I like dualities, so the two protagonists have their own unique benefits and drawbacks to throw into the mix. One has to rationalise science and religion, while the other has to deal with emotions and technology. I’m hoping to expand on this further in later books, and to bring more mythology out into the ‘real world’.
Deane Saunders-Stowe is a science fiction author originally from the Forest of Dean. Synthesis:Weave is his debut novel, and the first in a planned series.
Born in the Forest of Dean, Gloucestershire, in 1976, Deane presently lives near Ross on Wye with his partner, Kris, a disability fitness instructor and wheelchair user.
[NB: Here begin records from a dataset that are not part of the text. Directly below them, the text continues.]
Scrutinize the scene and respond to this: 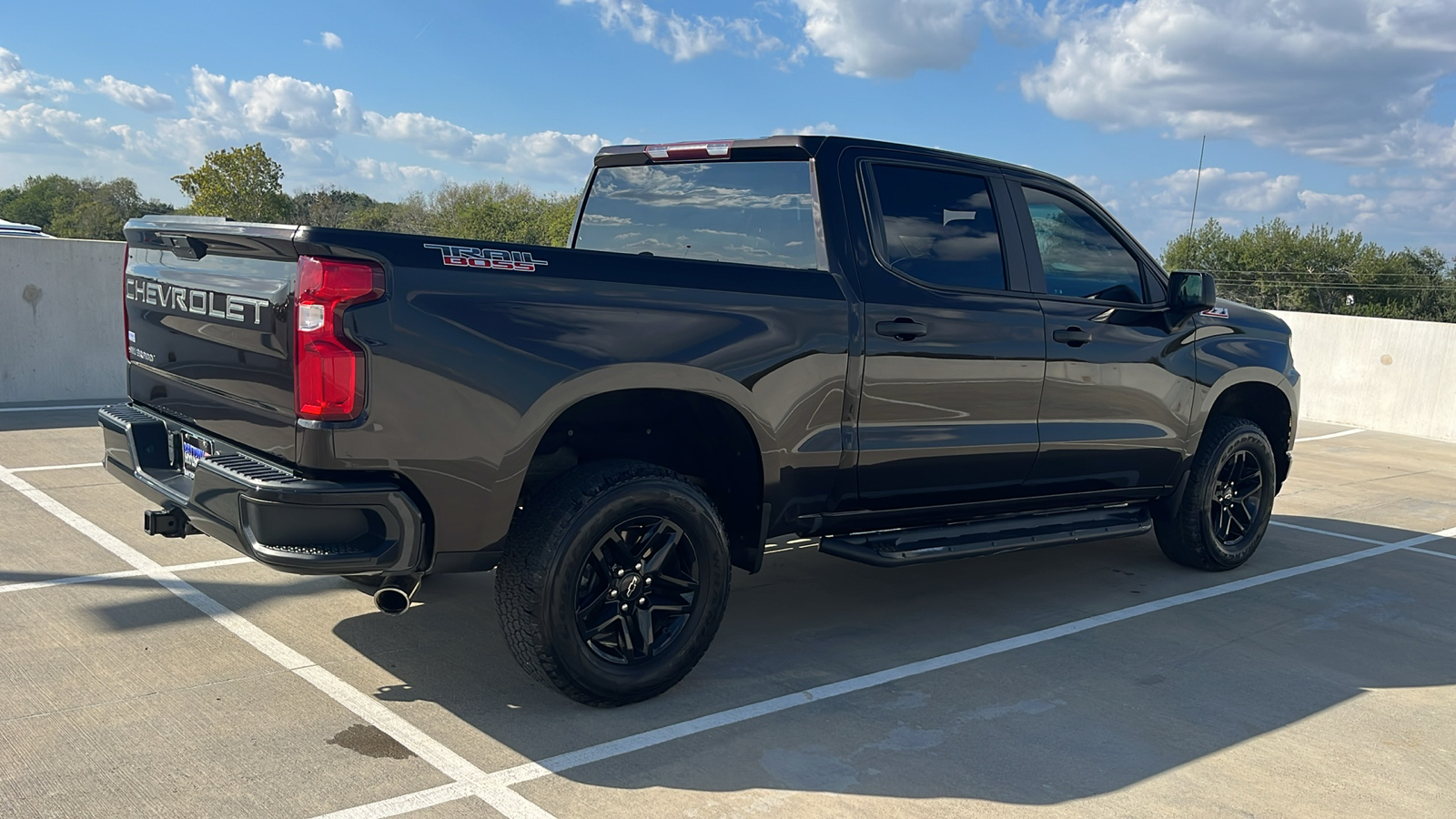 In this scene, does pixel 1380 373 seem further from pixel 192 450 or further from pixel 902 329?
pixel 192 450

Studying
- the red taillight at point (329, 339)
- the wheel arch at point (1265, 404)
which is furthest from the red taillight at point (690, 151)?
the wheel arch at point (1265, 404)

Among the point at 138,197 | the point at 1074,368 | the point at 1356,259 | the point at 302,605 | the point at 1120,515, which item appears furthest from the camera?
the point at 138,197

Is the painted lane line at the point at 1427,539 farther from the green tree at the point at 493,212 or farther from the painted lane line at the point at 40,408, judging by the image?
the green tree at the point at 493,212

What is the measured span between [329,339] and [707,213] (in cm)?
209

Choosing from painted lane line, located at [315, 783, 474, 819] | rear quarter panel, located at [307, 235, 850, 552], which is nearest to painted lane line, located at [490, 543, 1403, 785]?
painted lane line, located at [315, 783, 474, 819]

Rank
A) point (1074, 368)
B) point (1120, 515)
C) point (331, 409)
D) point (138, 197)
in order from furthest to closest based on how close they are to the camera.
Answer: point (138, 197) → point (1120, 515) → point (1074, 368) → point (331, 409)

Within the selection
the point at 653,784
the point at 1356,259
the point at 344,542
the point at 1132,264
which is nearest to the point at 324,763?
the point at 344,542

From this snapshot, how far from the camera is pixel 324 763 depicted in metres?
3.32

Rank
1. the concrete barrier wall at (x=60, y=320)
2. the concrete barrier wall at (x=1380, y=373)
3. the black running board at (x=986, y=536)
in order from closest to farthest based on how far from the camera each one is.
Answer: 1. the black running board at (x=986, y=536)
2. the concrete barrier wall at (x=60, y=320)
3. the concrete barrier wall at (x=1380, y=373)

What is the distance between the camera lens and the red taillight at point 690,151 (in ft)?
15.9

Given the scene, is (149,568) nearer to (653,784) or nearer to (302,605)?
(302,605)

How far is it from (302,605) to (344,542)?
1730 mm

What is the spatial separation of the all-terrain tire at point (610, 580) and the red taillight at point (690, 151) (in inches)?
63.5

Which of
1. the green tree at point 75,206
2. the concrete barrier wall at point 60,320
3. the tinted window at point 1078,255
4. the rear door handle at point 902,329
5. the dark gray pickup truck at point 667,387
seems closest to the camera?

From an early age, Deane’s interest in computer programming gave him a curiosity about the rules that govern the physical world, and how they interact. While performing rune readings at medieval events he developed an interest in religion and spirituality and this drove him to study many philosophies as he tried to find a way of reconciling the two. In 2012 he joined a behavioural agency where he encountered the philosophy of systems including human behaviour and the mathematical models behind it. His fascination, investigation and interpretation of life’s jigsaw stretched his imagination to the point where it needed an outlet. It wasn’t until he met Kris that the circumstances were right and the outlet was found in the seeds of a novel.
Deane is currently looking for a literary agent, a traditional publisher, and an agent to sell the film rights to his novel series.